A tableau algorithm can be modified to find the pinpointing formula. See [4] for the details.

4.2 Probabilistic Inference

We do not have to generate all worlds where a query is true in order to compute its probability, finding a pinpointing formula is enough.

From a pinpointing formula \(\phi \) for \(Q\) we can compute the probability \(P(\phi )\) of \(\phi \) being true from the probability of the Boolean variables that appear in \(\phi \) assuming all the variables are independent. \(P(\phi )\) is the sum of the probabilities of the valuations that make the formula true. The probability of a valuation is given by

$$ P(\nu )=\prod _{var(E_i)\in \nu }p_i\prod _{var(E_i)\in var(\mathcal{K})\setminus \nu }(1-p_i) $$

where \(p_i\) is the probability associated with axiom \(E_i\). Computing \(P(\phi )\) is equivalent to performing weighted model counting [38]: each variable \(var(E_i)\) has a weight \(p_i\) when set to true and a weight \(1 - p_i\) when set to false, the weight of a truth assignment is the product of the weights of its literals and the weighted model count of a formula is the sum of the weights of its satisfying assignments.

Theorem 1

If \(\phi \) is a pinpointing formula for the query \(Q\) from a KB \(\mathcal{K}\), then \(P(Q)=P(\phi )\).

Proof

Every valuation \(\nu \subseteq var(\mathcal{K})\) that satisfies \(\phi \) uniquely corresponds to a world where \(Q\) is true. Thus the sum of the probability of the valuations that satisfy \(\phi \) is equal to the sum of the probabilities of the worlds where \(Q\) is true.

The pinpointing formula can be obtained directly from the inference algorithm or can be built starting from the set of all explanations \(K={\textsc {All}}\)-\({\textsc {MinAs}}(Q,\mathcal{K})\) in this way

$$\phi _K=\bigvee _{\kappa \in K}\bigwedge _{(E_i,1)\in \kappa }var(E_i).$$

It is easy to see that every valuation that makes \(\phi _K\) true uniquely corresponds to a world where \(Q\) is true. \(\phi _K\) is in Disjunctive Normal Form (DNF).

Weighted model counting is a #P-complete problem [11]. A practical approach for solving it involves knowledge compilation [8]: we translate the formula to a target language that allows weighted model counting in polynomial time. In this case the complexity is confined in the compilation process.

5 BUNDLE

BUNDLE is based on Pellet [44] and extends it in order to allow the computation of the probability of queries from a probabilistic knowledge base that follows the DISPONTE semantics. BUNDLE can answer concept and role membership queries, subsumption queries, and can find explanations both for the unsatifiability of one or all concepts contained in the KB and for the inconsistency of a KB.

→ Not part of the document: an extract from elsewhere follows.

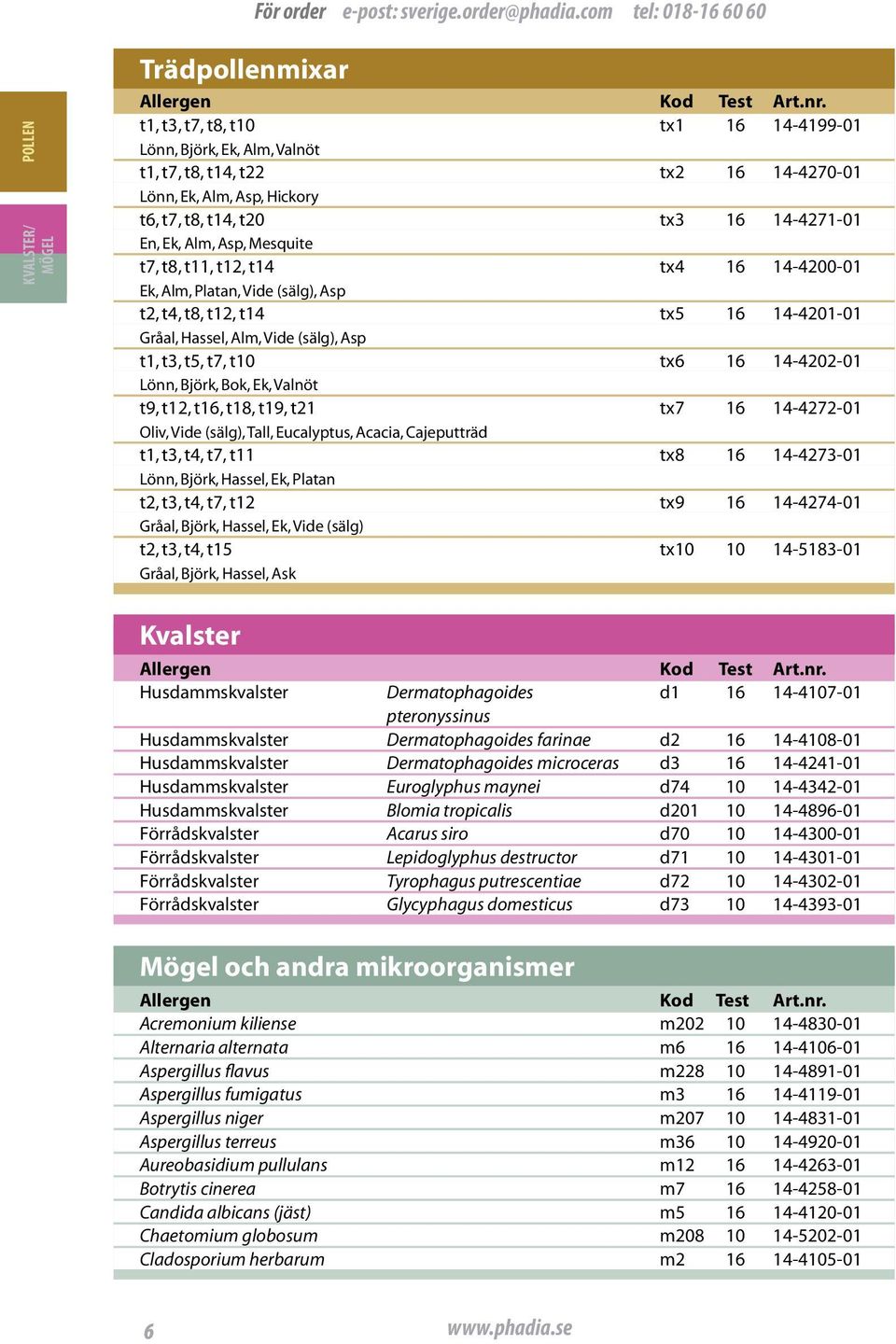 t5, t7, t10 tx6 16 14-4202-01 Lönn, Björk, Bok, Ek, Valnöt t9, t12, t16, t18, t19, t21 tx7 16 14-4272-01 Oliv, Vide (sälg), Tall, Eucalyptus, Acacia, Cajeputträd t1, t3, t4, t7, t11 tx8 16 14-4273-01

Irrespective of which representation of the explanations we choose, a DNF or a general pinpointing formula, we can apply knowledge compilation and transform it into a Binary Decision Diagram (BDD), from which we can compute the probability (perform weighted model counting) of the query with a dynamic programming algorithm that is linear in the size of the BDD.

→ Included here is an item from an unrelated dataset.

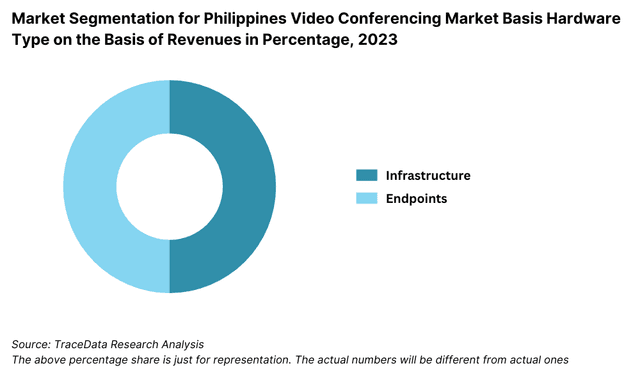 Market Segmentation for Philippines Video Conferencing Market Basis Hardware Type on the Basis of Revenues in Percentage, 2023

A BDD for a function of Boolean variables is a rooted graph that has one level for each Boolean variable. A node \(n\) in a BDD has two children: one corresponding to the 1 value of the variable associated with the level of \(n\), indicated with \(child_1(n)\), and one corresponding to the 0 value of the variable, indicated with \(child_0(n)\). When drawing BDDs, the 0-branch - the one going to \(child_0(n)\) - is distinguished from the 1-branch by drawing it with a dashed line. The leaves store either 0 or 1. Figure 1 shows a BDD for the function \( f(\mathbf {X})=(X_{1}\wedge X_{3})\,\vee \,(X_{2}\wedge X_{3}) \), where the variables \(\mathbf {X}=\{X_{1},X_{2},X_{3}\}\) are independent Boolean random variables whose probability of being true is \(p_i\) for the variable \(X_i\).

Fig. 1.
figure 1

BDD representing the function \(f(\mathbf {X})=(X_{1}\wedge X_{3})\vee (X_{2}\wedge X_{3})\).

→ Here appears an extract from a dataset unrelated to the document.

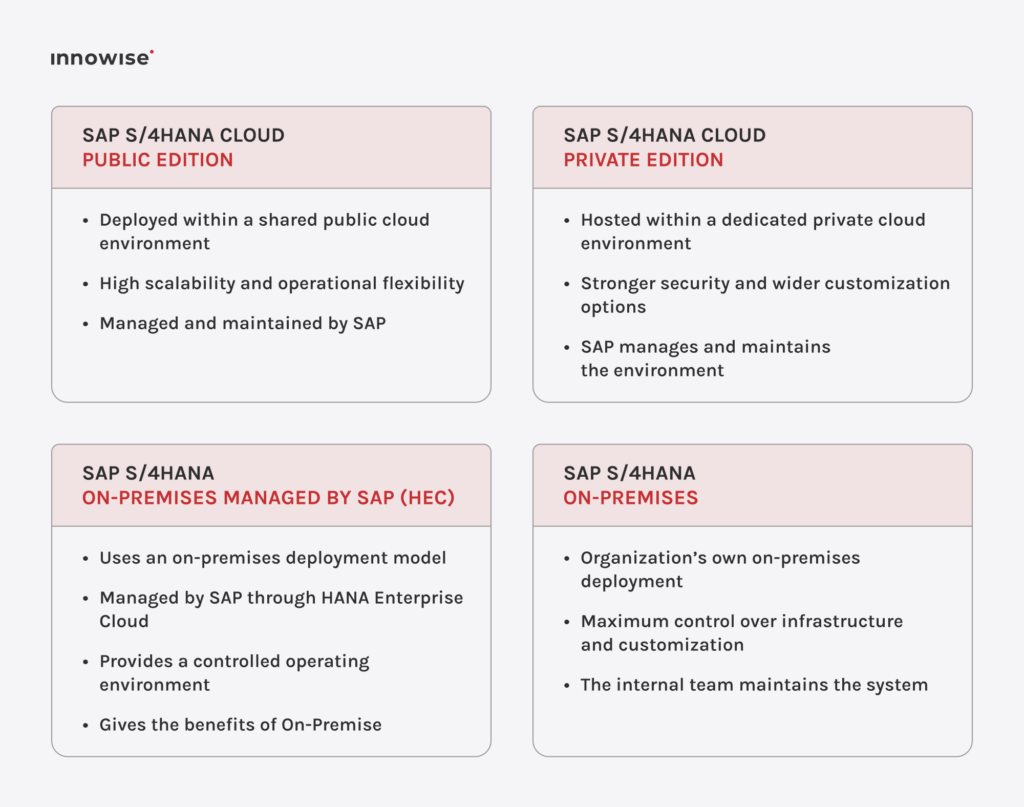 SAP S/4HANA deployment models comparing cloud and on-premise control and management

A BDD performs a Shannon expansion of the Boolean formula \(f(\mathbf {X})\), so that, if \(X\) is the variable associated with the root level of a BDD, the formula \(f(\mathbf {X})\) can be represented as \(f(\mathbf {X})=X\wedge f^X(\mathbf {X})\vee \overline{X}\wedge f^{\overline{X}}(\mathbf {X})\) where \(f^X(\mathbf {X})\) (\(f^{\overline{X}}(\mathbf {X})\)) is the formula obtained by \(f(\mathbf {X})\) by setting \(X\) to 1 (0). Now the two disjuncts are pairwise exclusive and the probability of \(f(\mathbf {X})\) can be computed as \(P(f(\mathbf {X}))=P(X)P( f^X(\mathbf {X}))+(1-P(X))P(f^{\overline{X}}(\mathbf {X}))\). Algorithm 2 shows function Prob that implements the dynamic programming algorithm for computing the probability of a formula encoded as a BDD. The function should also store the value of already visited nodes in a table so that, if a node is visited again, its probability can be retrieved from the table. For the sake of simplicity the algorithm does not show this optimization but it is fundamental to achieve linear cost in the number of nodes, as without it the cost of function Prob would be proportional to \(2^n\) where \(n\) is the number of Boolean variables.

figure b

The main BUNDLE function, shown in Algorithm 3, first builds a data structure \(PMap\) that associates each DL axiom \(E_i\) with its probability \(p_i\). In the OWL files the probabilistic information is specified using the annotation system allowed by the OWL language. Then BUNDLE uses Pellet’s \(\textsc {ExpHST}(C,\mathcal{K})\) function that computes all the MinAs for the unsatisfiability of a concept \(C\) using the Hitting Set Tree algorithm. BUNDLE exploits the version of this function in which we can specify the maximum number of explanations to be found.

figure c

Two data structures are initialized: \(VarAx\) is an array that maintains the association between Boolean random variables (whose index is the array index) and couples (axiom, probability), and \(BDD\) stores a BDD. \(BDD\) is initialized to the zero Boolean function.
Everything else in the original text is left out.